[Recorded data]
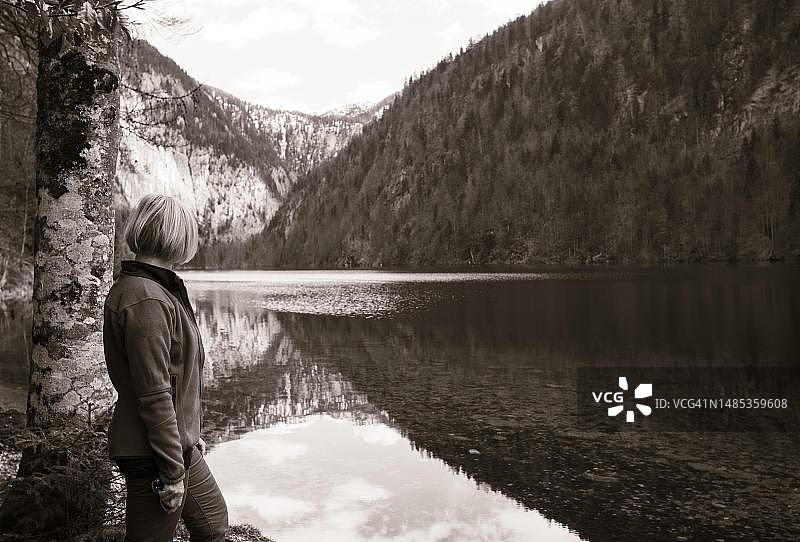 棕褐色调,站在奥地利施蒂利亚州萨尔茨卡默古特地区托普利茨湖岸边的女人图片素材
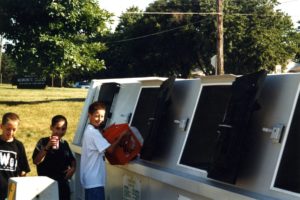 Three kids using Normal's recycling bins to recycle plastic and cans.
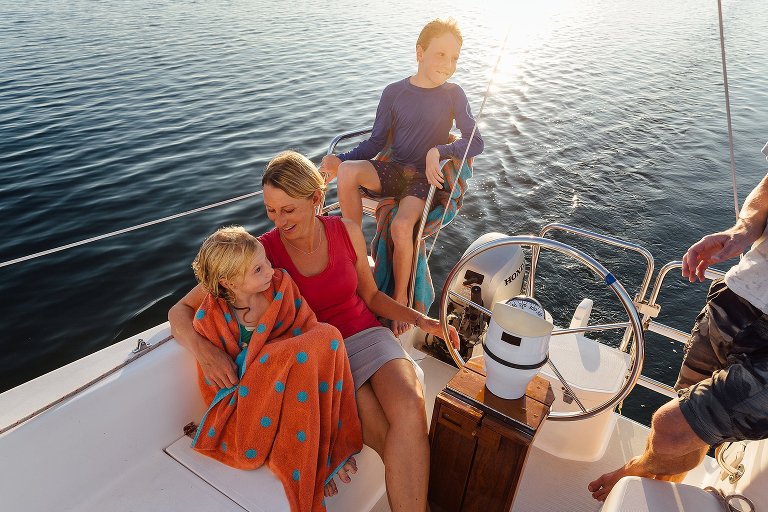 Mom, daughter, son, on sailboat at sunset. Very colorful.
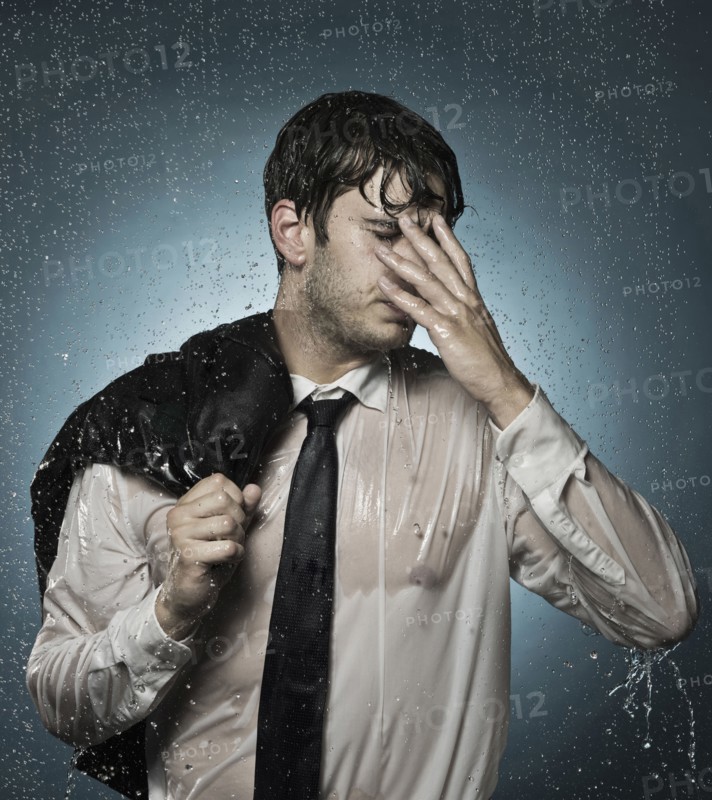 Caucasian businessman standing in the rain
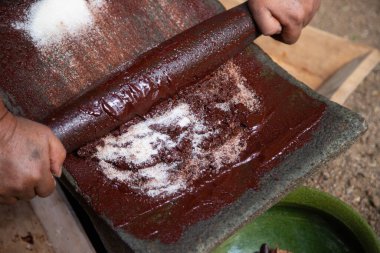 Oaxaca Meksika 'da organik çikolata üreten bir kadın, gıda ürünlerini öğütmek için eski bir taş alet..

▶ Aim of the exercise: When restating the records word for word, omit any picture they contain.

▶ Response:
 棕褐色调,站在奥地利施蒂利亚州萨尔茨卡默古特地区托普利茨湖岸边的女人图片素材
 Three kids using Normal's recycling bins to recycle plastic and cans.
 Mom, daughter, son, on sailboat at sunset. Very colorful.
 Caucasian businessman standing in the rain
 Oaxaca Meksika 'da organik çikolata üreten bir kadın, gıda ürünlerini öğütmek için eski bir taş alet..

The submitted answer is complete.